Los rasgos severos de Fidelma se suavizaron un instante.
– Estoy al corriente de la situación, Dego. Tu consejo es prudente.
Fidelma no dijo más. Dego abrió la boca para añadir algo, pero al mirarla otra vez advirtió que cualquier otra palabra más sería superflua y podría importunarla.
Al fin y al cabo, nadie mejor que Fidelma para conocer el estado de la disputa entre Cashel y Fearna. En una ocasión se había enfrentado a Fianamail de Laigin, un rey joven e irritable. Fianamail no era amigo de Cashel. Es más, desde aquella ocasión le guardaba rencor a Fidelma.
El joven Dego, que lo sabía, admiraba el valor que demostraba su señora al acudir ipso facto a socorrer a su amigo sajón, derecha hacia tierras enemigas. El hecho de ser dálaigh de los tribunales era lo único que le permitía desplazarse con tal libertad, sin obstáculos ni impedimentos. Ningún habitante de los cinco reinos osaría ponerle las manos encima, pues quien lo hiciera habría de afrontar el terrible castigo de perder el valor de su honor y ser marginado para siempre de la sociedad sin derecho a acogerse a la ley. Ningún habitante que acatara la ley osaría tocar a sabiendas a una dálaigh de los tribunales, y menos a Fidelma, que había recibido los honores del rey supremo, Sechnassach, en persona. La autoridad de una dálaigh de los tribunales la protegía más que el privilegio de ser la hermana del rey de Muman o, incluso, que el hecho de ser una hermana de la fe cristiana.
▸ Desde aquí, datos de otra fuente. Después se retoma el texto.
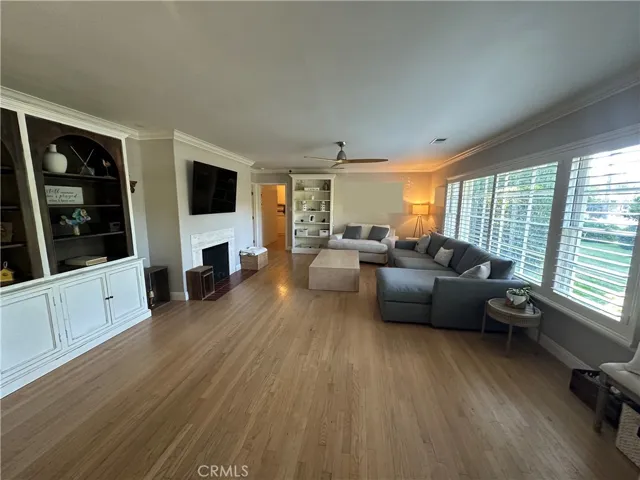15742 Vose, Los Angeles, California 91406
Con todo, a Dego no le preocupaban aquellos que acataban la ley. Sabía muy bien que el rey Fianamail y sus consejeros podían albergar intenciones siniestras. Era muy fácil ordenar que mataran a Fidelma y atribuir la culpa a una banda de malhechores. Razón por la cual Colgú había seleccionado a sus tres mejores guerreros para acompañar a su hermana a Laigin. No les había ordenado que lo hicieran, pues correrían más peligro que su hermana, pero había ofrecido a cada uno un bastón de mando que indicaba que actuaban como emisarios bajo la protección de las leyes de una embajada. Era cuanto podía hacer para darles protección legal.
Dego y sus compañeros, Enda y Aidan, que cabalgaban en la retaguardia ojo avizor, no vacilaron en aceptar el encargo propuesto a pesar de las dudas que albergaban en cuanto a la honradez del rey de Laigin. Estaban dispuestos a seguir a Fidelma dondequiera que fuera, pues el pueblo de Cashel sentía un afecto especial por la hermana joven, alta y pelirroja de su rey.
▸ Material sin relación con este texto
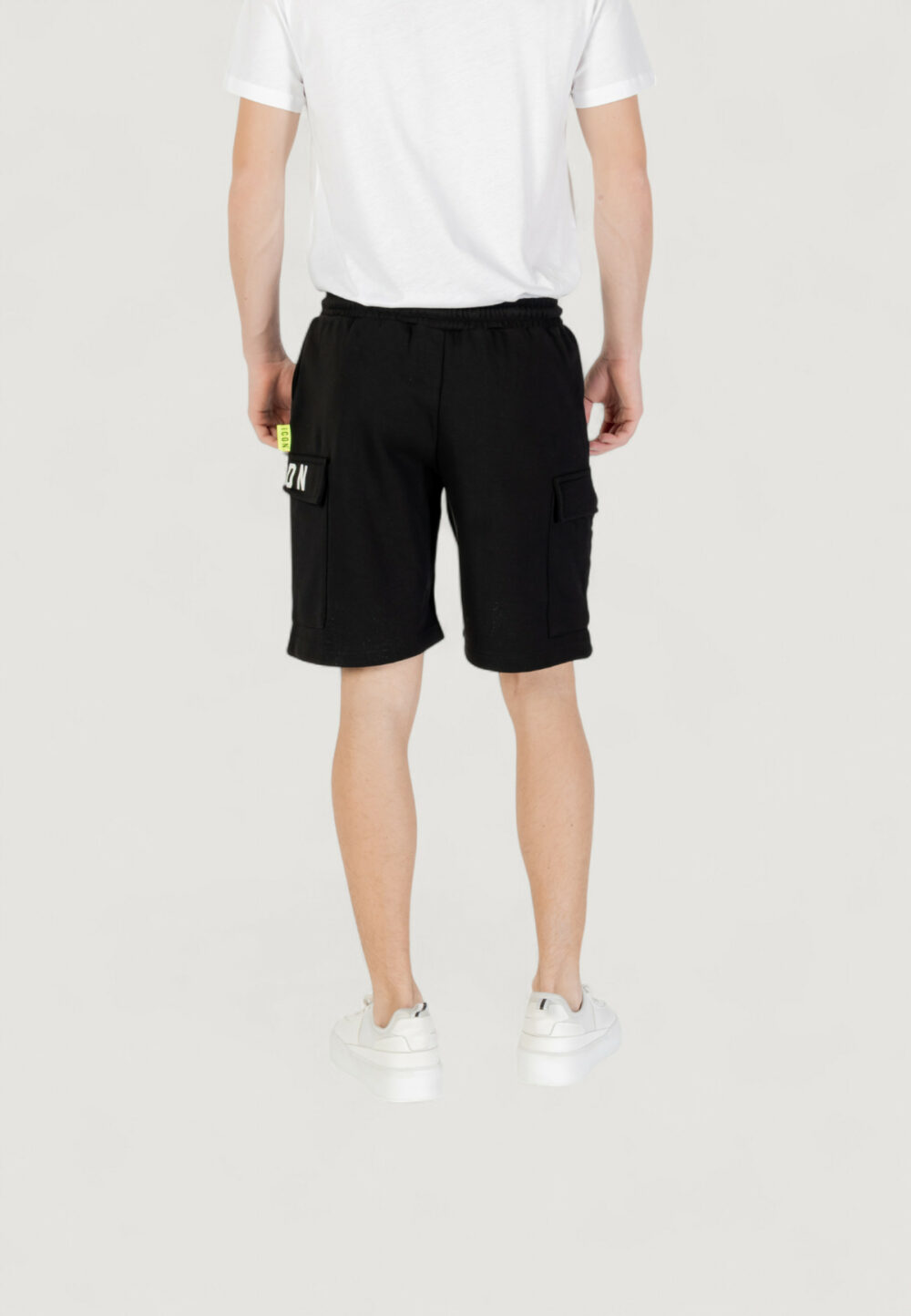 Bermuda sportivi Icon logo piccolo Nero - Foto 4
– La posada está ahí mismo -gritó Enda desde atrás.
Dego entornó los ojos para ver mejor en la oscuridad.
Distinguió un farol colgado de un poste, el método tradicional que usaban los posaderos para anunciar la presencia del establecimiento, e iluminar el camino a los viajeros fatigados. Dego frenó su caballo ante el grupo de edificios. De la penumbra surgieron un par de mozos de cuadra, que se les acercaron corriendo para recoger las monturas y sostenerlas mientras los jinetes desataban las alforjas; a continuación fueron hacia la entrada de la fonda.